Foi uma correria desordenada.

        — Gente! Calma! Esperem, a pressa é inimiga da ordem. Calmaaaaa! Temos o bote. Ele vai pedir socorro no continente.

        — Valmirrrrr! - chamei o Arrais - Desça o bote... Leve a lanterna.

        — Doutor, gastamos gasosa rodando no Mamanguá. Ele não vai alcançar o continente. Já pensei nisso!

        Soltei um palavrão recebendo mais esse banho frio. Agarrando-me ao pior, queimando os cartuchos finais disse:

— Está bem, mas se acontecer isso, levante o motor e siga com o remo. Sei que você pode.

        Na alegria da manhã, e na comemoração da saída, os rádios não foram embarcados. As baterias estavam enfraquecendo. A lancha rodava ao léu! Pelo jeito, de novo a bruxa rondava.

        — Sem desespero... Sem desespero, escutaram? - Gritei.

        — Vou descer a ancora na manivela! -  avisou o Arrais.
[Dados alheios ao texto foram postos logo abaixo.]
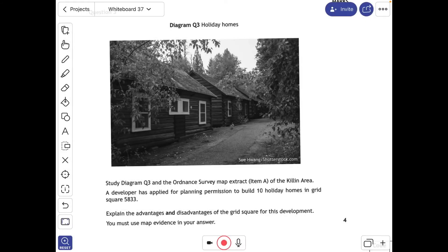Welcome to a small tutorial and supported study on the map skills question which falls into the land use suitability in glaciation. This question came up in the 2019 paper for the SQA National 5 exam in geography. You need to study the diagram in front of you, which is a picture and the Ordnance Survey map extract of item A — the map of the Killin area.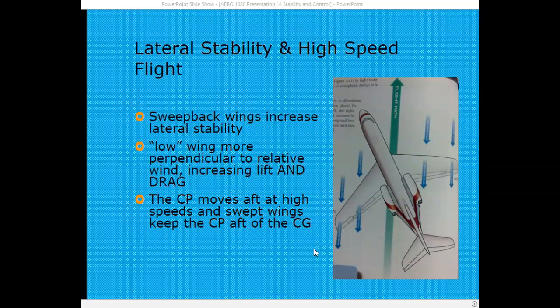Swept-back wings are also one way to increase lateral stability. When an aircraft with swept-back wings rolls inadvertently, the upward wing creates more drag, which forces the aircraft to yaw. The right wing becomes more perpendicular to the wind, creating more lift and more drag, which yaws the airplane back and also tends to correct the inadvertent roll. In addition to the increased drag yawing the airplane back, the increased lift on the lower wing also tends to correct the inadvertent roll.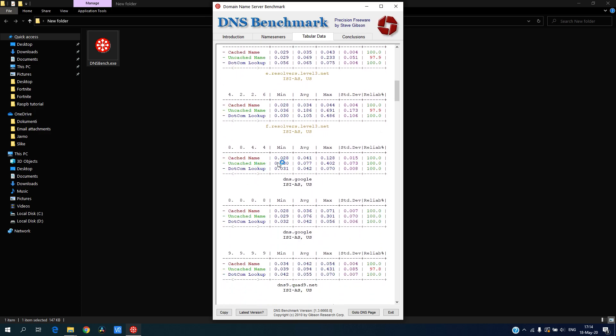Google is here, but as you can see, maximum reply time is 0.128 which is a lot.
        — Percebi que já carregava o peso da responsabilidade.

        — Cuidado para não cair. Amarre-se! Eu recomendei pensando no pior. Afinal, ele é prestativo, não podia magoá-lo.

Homem ao mar à noite, ainda sem alarme, só Deus salva.

        Fábio, meu filho, também mestre e que dirigia a lancha na maior parte do tempo, enlouqueceu. Corria, subia no fly, descia no cockpit, apavorado. Achei melhor não mexer com ele nesse momento!

        — Fogos!! Os fogos gente! Foi bem lembrado, nem vi por quem.

        — Peguem, estão na emergência, rápido. Na verdade, escondíamos o pânico que estava nos possuindo. Todos procuravam uma solução. Coube a Cris, envolta no maior medo, lembrar-se do celular. Conseguiu contato com a Bia, a cunhada, que ficou no condomínio. Bia que já é alvoroçada, imaginem como ficou! Botou a boca no trombone!

        Já dava para respirar! Tivemos contato com o continente. Sensação de alívio!

        Uma lancha que navegava à distancia percebeu o drama. Era da nossa Marina. Cônscios dos deveres no mar chegaram e nos rebocaram até o posto de combustível. Reabriria as oito da manhã. Ali ficou com Deus, e com Deus fomos para casa.

        Um filminho de dois dias rodava pelas nossas cabeças. Mar sempre é aventura. A estrada também! Discutiu-se quem seria o pé frio.

De manhã duas obrigações eram urgentes. Reavivar a Roma enchendo seus tanques, e liberar o píer do posto. E mais importante: Envergonhados, mandar algum champanhe, ao senhor proprietário da lancha File, a abençoada.


        E as fotografias? — Demoramos a nos lembrar delas. Mas, demos muitas risadas recordando a cara de pânico de cada um. Que ninguém fotografou.